Convolution AD Notes (Phase 1)#

This note documents the mathematical implementation used for Nabla conv2d in nabla/ops/convolution.py, including VJP and JVP rules in NHWC/RSCF form.

1) Forward Definition (`conv2d`)#

Let:

input: X ∈ ℝ^{N×H×W×C_in} (NHWC)
filter: W ∈ ℝ^{K_h×K_w×C_in×C_out} (RSCF/HWIO for groups=1)
optional bias: b ∈ ℝ^{C_out}
stride: (s_h, s_w), dilation: (d_h, d_w)
padding: (p_t, p_b, p_l, p_r)

Output size:

H_out = floor((H + p_t + p_b - d_h (K_h-1) - 1) / s_h + 1)
W_out = floor((W + p_l + p_r - d_w (K_w-1) - 1) / s_w + 1)

Elementwise:

Y[n,h,w,c_o] = Σ_{k_h,k_w,c_i} X_pad[n, h*s_h + k_h*d_h, w*s_w + k_w*d_w, c_i] * W[k_h,k_w,c_i,c_o] + b[c_o]

where X_pad is zero-padded in spatial dimensions.

2) VJP for `conv2d`#

Given cotangent G = ∂L/∂Y:

2.1 Input gradient#

∂L/∂X is the transposed-convolution of G with W under the same stride/dilation/padding convention:

dX = conv2d_transpose(G, W; stride, dilation, padding, output_paddings)

output_paddings are solved from shape consistency:

base_h = (H_out - 1)s_h - p_t - p_b + d_h(K_h - 1) + 1
base_w = (W_out - 1)s_w - p_l - p_r + d_w(K_w - 1) + 1
out_pad_h = H - base_h, out_pad_w = W - base_w

If either is negative, compute with max(.,0) and crop back to input shape.

2.2 Filter gradient#

By chain rule,

dW[k_h,k_w,c_i,c_o] = Σ_{n,h,w} X_pad[n, h*s_h + k_h*d_h, w*s_w + k_w*d_w, c_i] * G[n,h,w,c_o]

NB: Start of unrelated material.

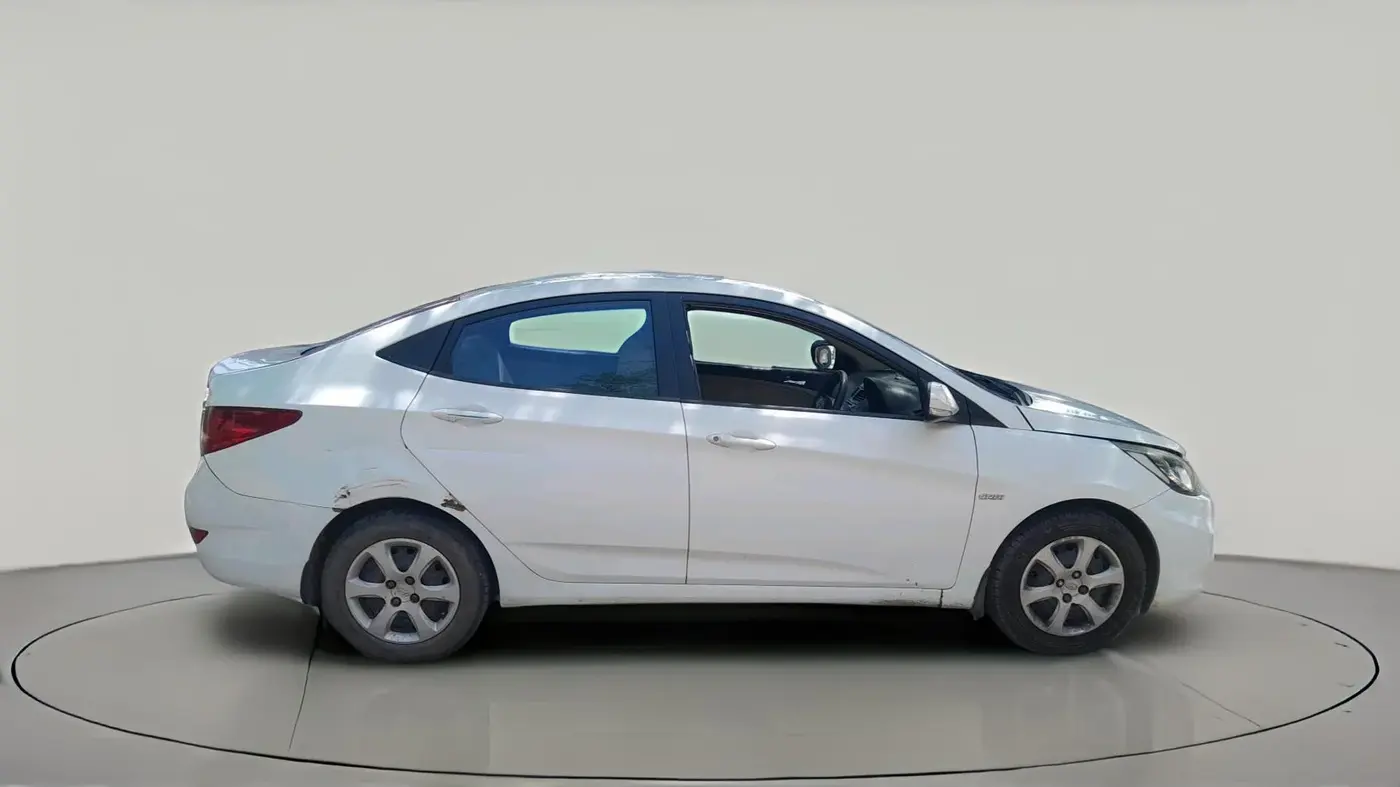 2011 Hyundai Verna FLUIDIC 1.4 CRDI, Diesel, Manual, 1,77,333 km, exterior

Implementation uses the standard conv trick by permuting dimensions and reusing conv2d:

X_perm = permute(X_pad, (C_in, H, W, N))
G_perm = permute(G, (H_out, W_out, N, C_out))
dW_perm = conv2d(X_perm, G_perm; stride=dilation, dilation=stride, padding=0)
dW = permute(dW_perm, (K_h, K_w, C_in, C_out))

2.3 Bias gradient#

db[c_o] = Σ_{n,h,w} G[n,h,w,c_o]

i.e. reduce_sum(G, axis=[0,1,2]).

3) JVP for `conv2d`#

Using linearization of a bilinear map in (X, W):

dY = conv2d(dX, W; θ) + conv2d(X, dW; θ) + dB

where θ = (stride, dilation, padding, groups, layout kwargs) is held fixed.

This is exactly what the implementation computes.

4) Why this is correct (brief proof sketch)#

Convolution is affine in each argument and bilinear in (X, W) once hyperparameters are fixed.

VJP follows from adjointness of correlation/convolution and linearity of summation.
JVP follows from first-order expansion:

conv(X + εdX, W + εdW) = conv(X,W) + ε[conv(dX,W) + conv(X,dW)] + O(ε²)

and bias contributes additively as + ε dB.

Therefore:

reverse-mode returns the unique linear adjoint map wrt X, W, b,
forward-mode returns the directional derivative J·v.

5) Backend constraints in this phase#

Current MAX backend behavior in this environment requires:

conv2d: dilation=(1,1)
conv2d: grouped mode not yet usable without prepacked filters (groups=1 enforced)
conv2d_transpose: output_paddings=(0,0) only

Nabla validates these explicitly and raises clear frontend errors.